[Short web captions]

[Start of section]

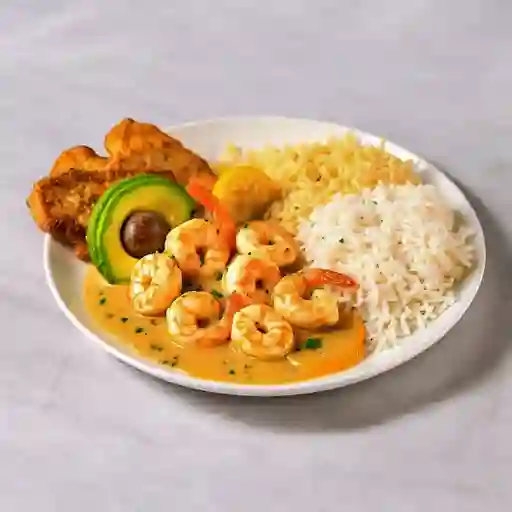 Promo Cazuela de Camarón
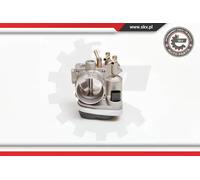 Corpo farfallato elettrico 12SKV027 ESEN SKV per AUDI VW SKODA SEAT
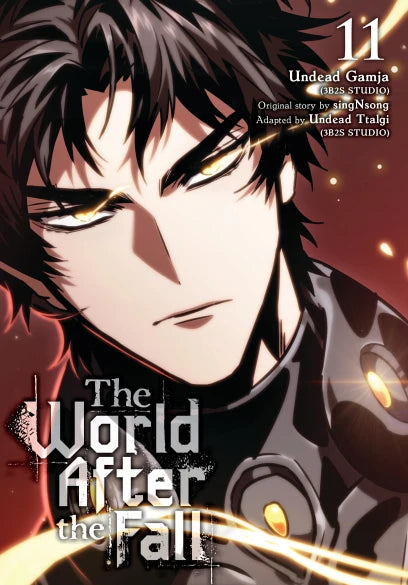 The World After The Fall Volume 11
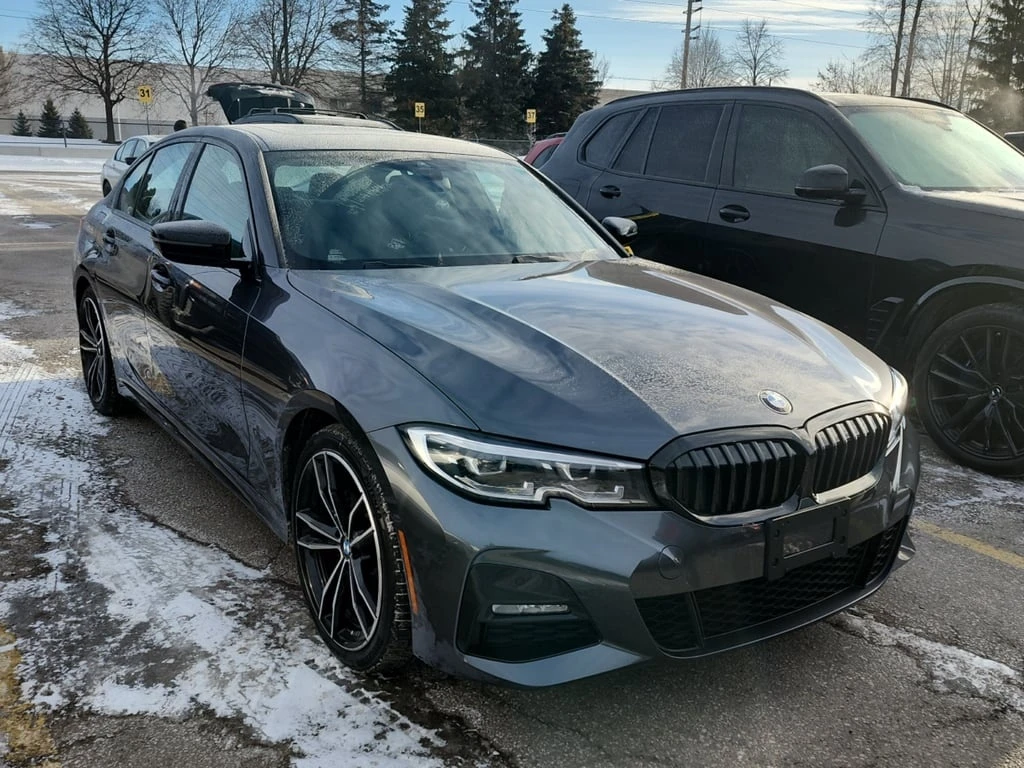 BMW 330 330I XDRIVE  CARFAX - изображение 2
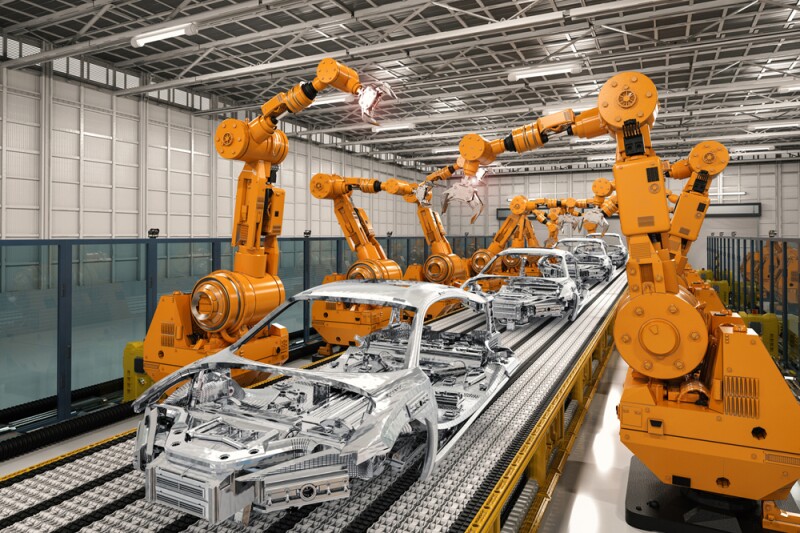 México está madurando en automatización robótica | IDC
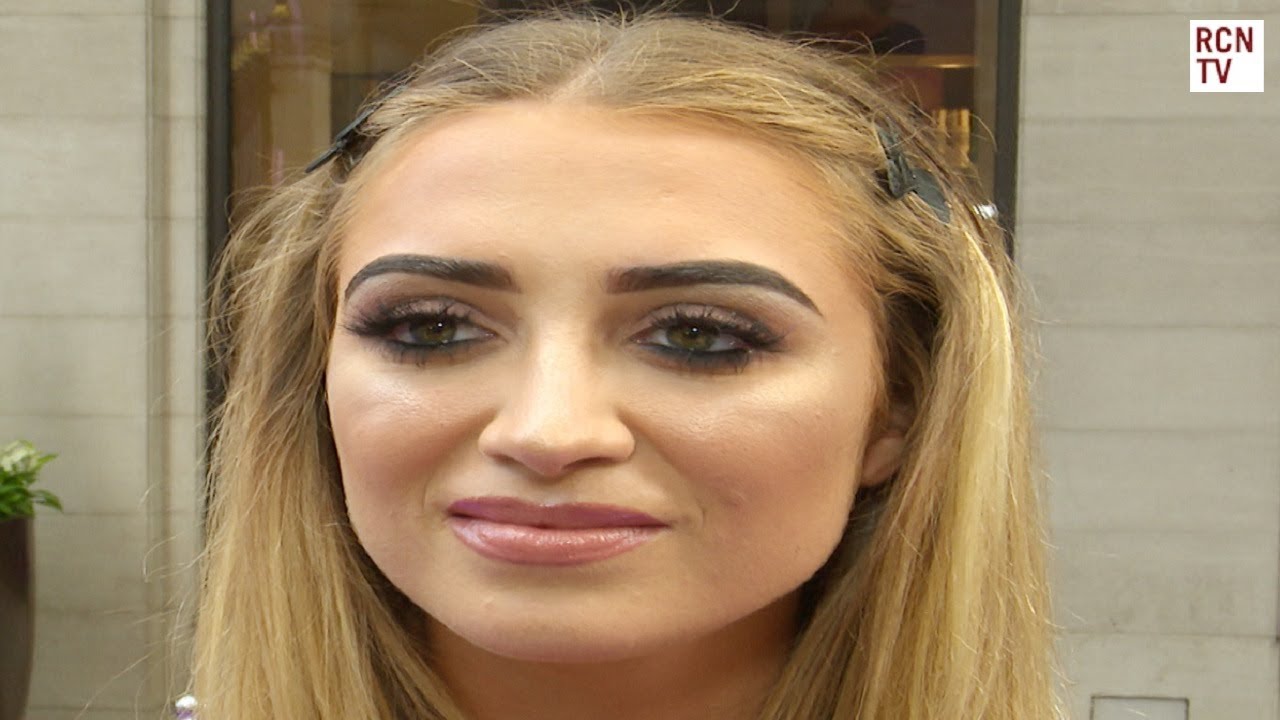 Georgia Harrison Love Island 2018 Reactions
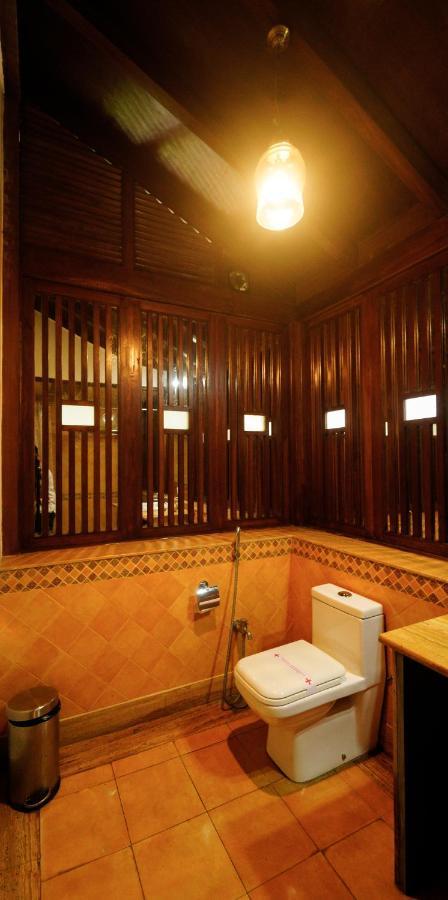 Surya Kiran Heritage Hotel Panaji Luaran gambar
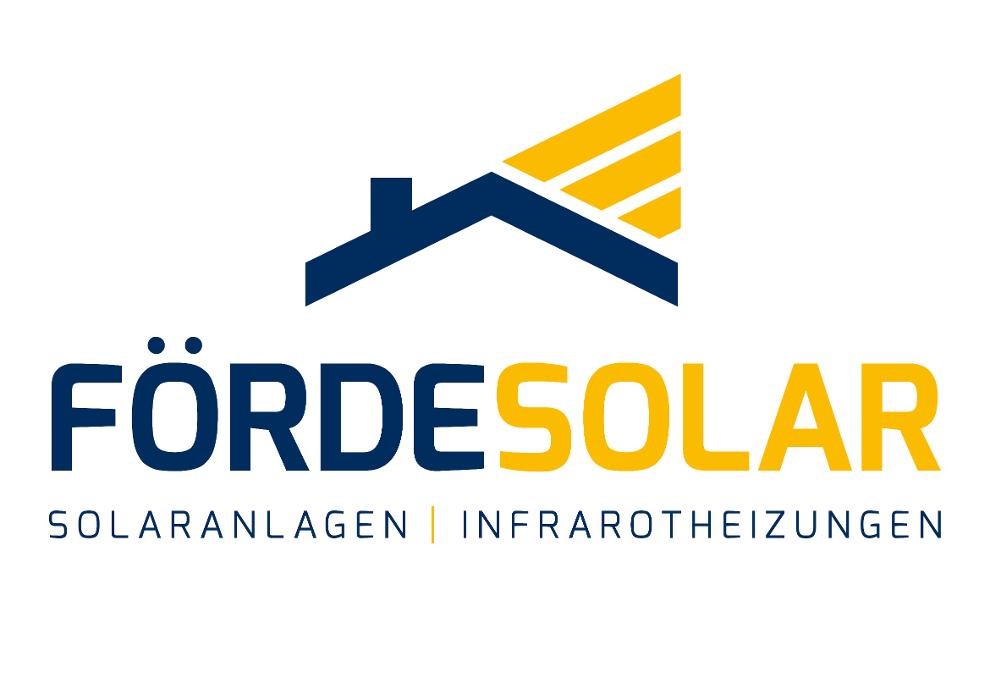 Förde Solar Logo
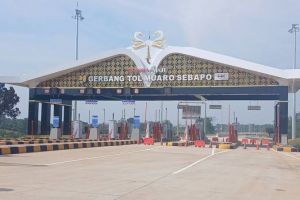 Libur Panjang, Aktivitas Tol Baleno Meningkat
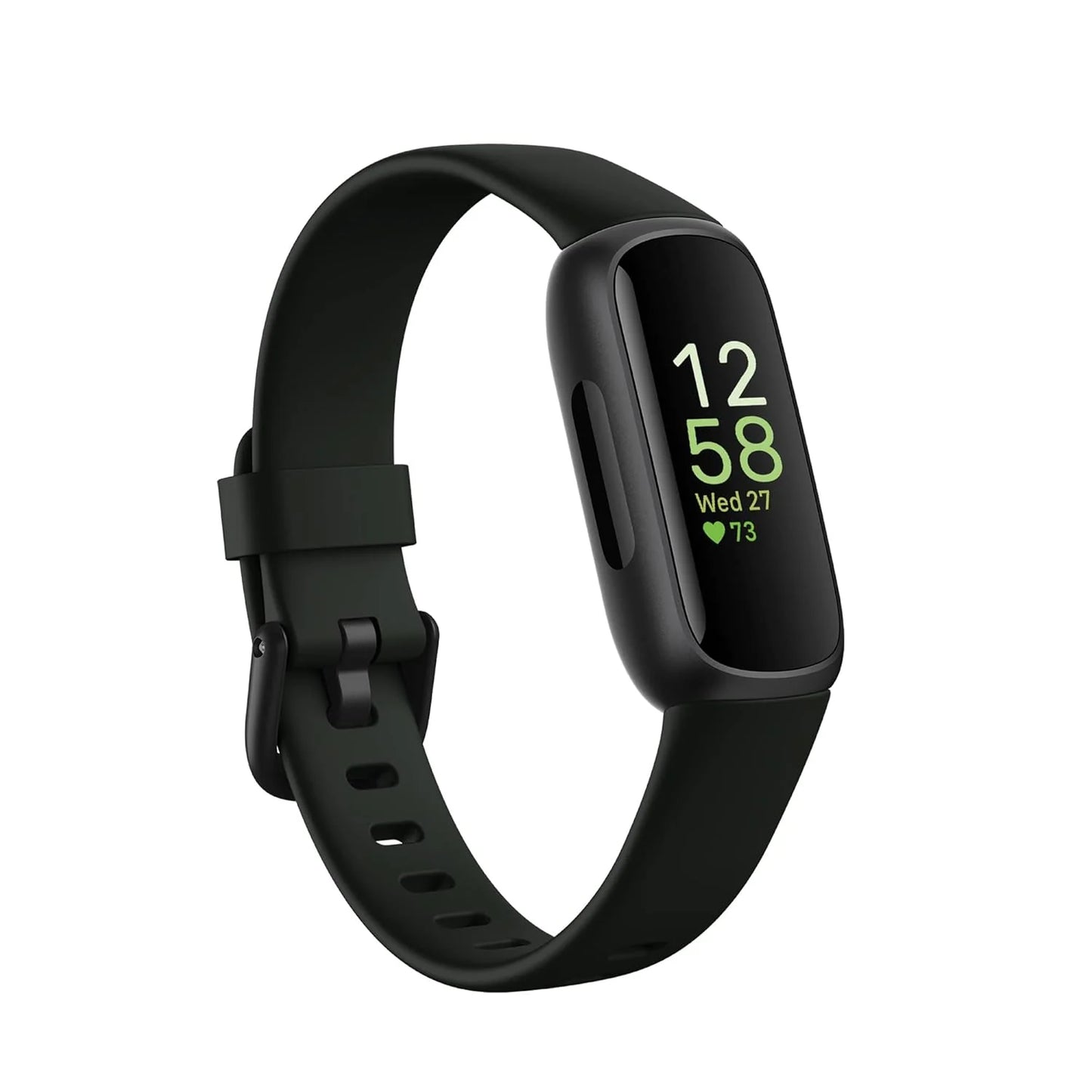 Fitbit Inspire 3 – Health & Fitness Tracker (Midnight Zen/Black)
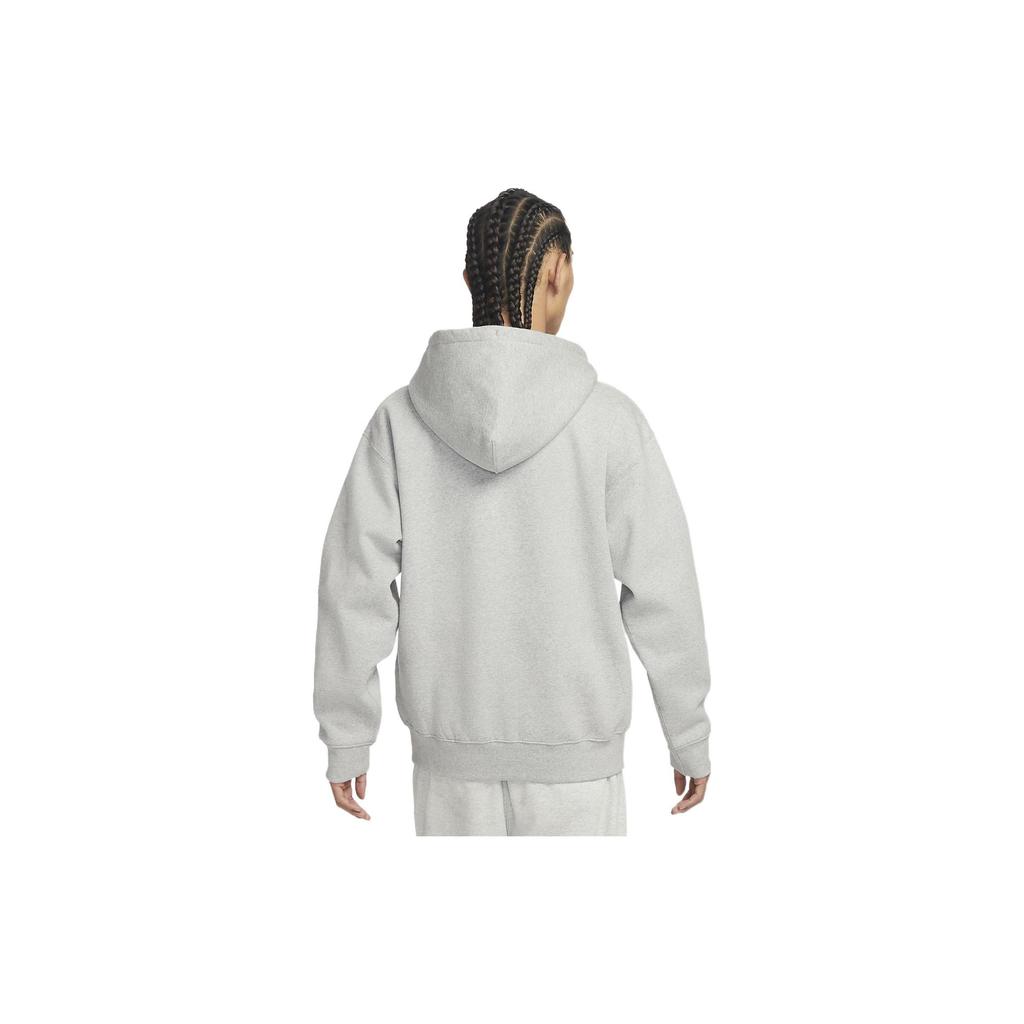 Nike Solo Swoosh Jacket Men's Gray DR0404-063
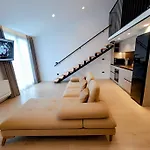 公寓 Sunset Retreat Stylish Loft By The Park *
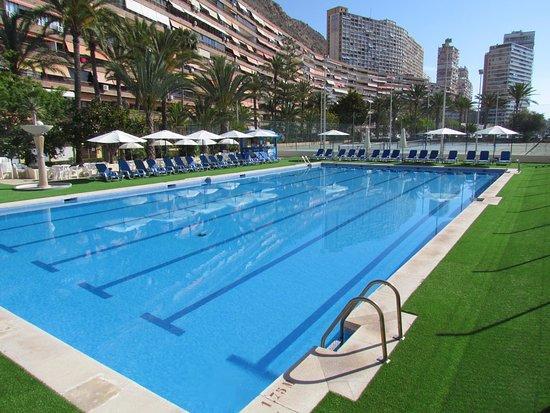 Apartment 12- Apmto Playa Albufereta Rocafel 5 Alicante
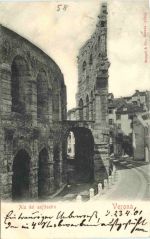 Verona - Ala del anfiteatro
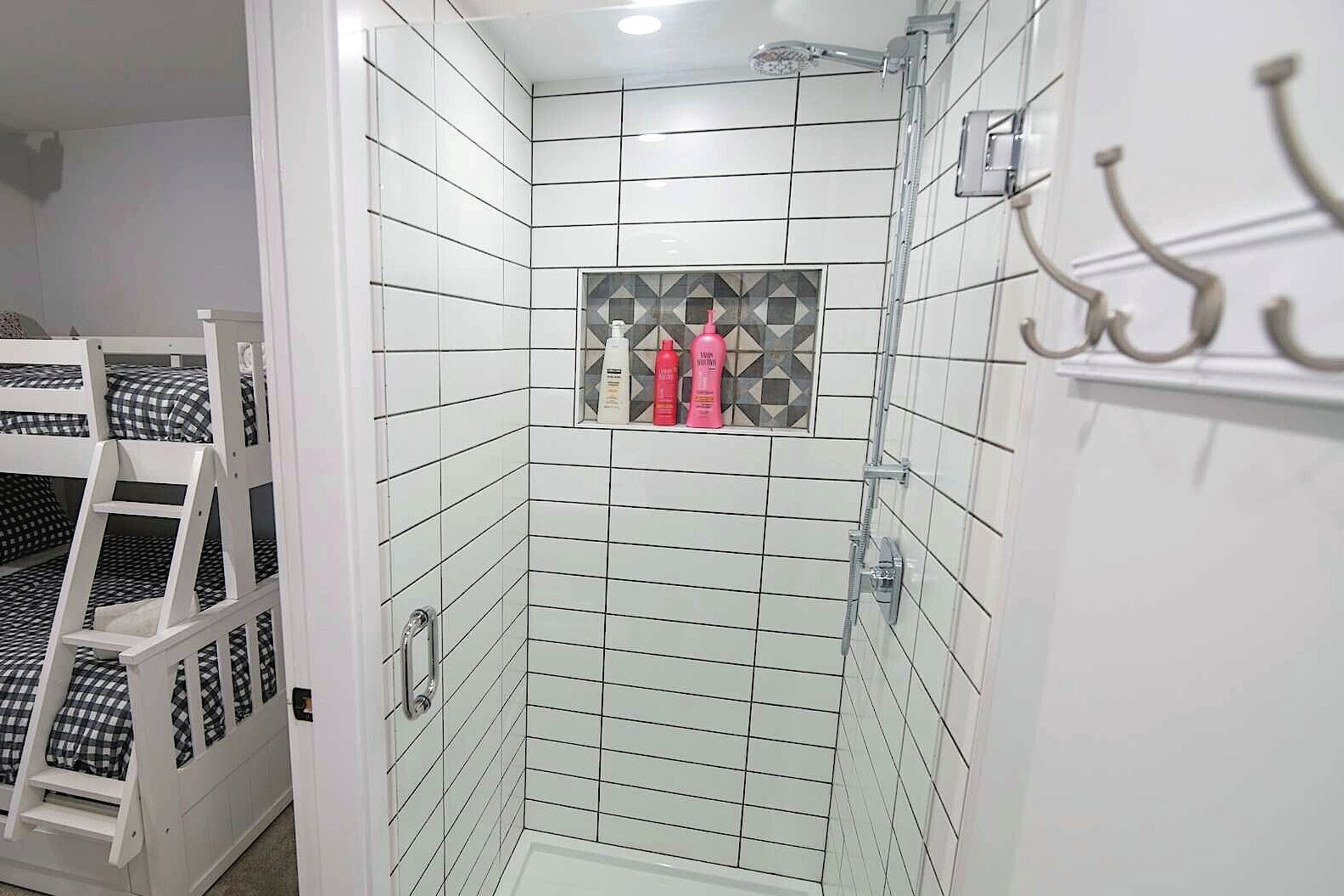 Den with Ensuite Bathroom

[End of section]

WORK INSTRUCTION: The pictures stay out; copy the rest of the data word for word.

EXERCISE ANSWER:
 Promo Cazuela de Camarón
 Corpo farfallato elettrico 12SKV027 ESEN SKV per AUDI VW SKODA SEAT
 The World After The Fall Volume 11
 BMW 330 330I XDRIVE  CARFAX - изображение 2
 México está madurando en automatización robótica | IDC
 Georgia Harrison Love Island 2018 Reactions
 Surya Kiran Heritage Hotel Panaji Luaran gambar
 Förde Solar Logo
 Libur Panjang, Aktivitas Tol Baleno Meningkat
 Fitbit Inspire 3 – Health & Fitness Tracker (Midnight Zen/Black)
 Nike Solo Swoosh Jacket Men's Gray DR0404-063
 公寓 Sunset Retreat Stylish Loft By The Park *
 Apartment 12- Apmto Playa Albufereta Rocafel 5 Alicante
 Verona - Ala del anfiteatro
 Den with Ensuite Bathroom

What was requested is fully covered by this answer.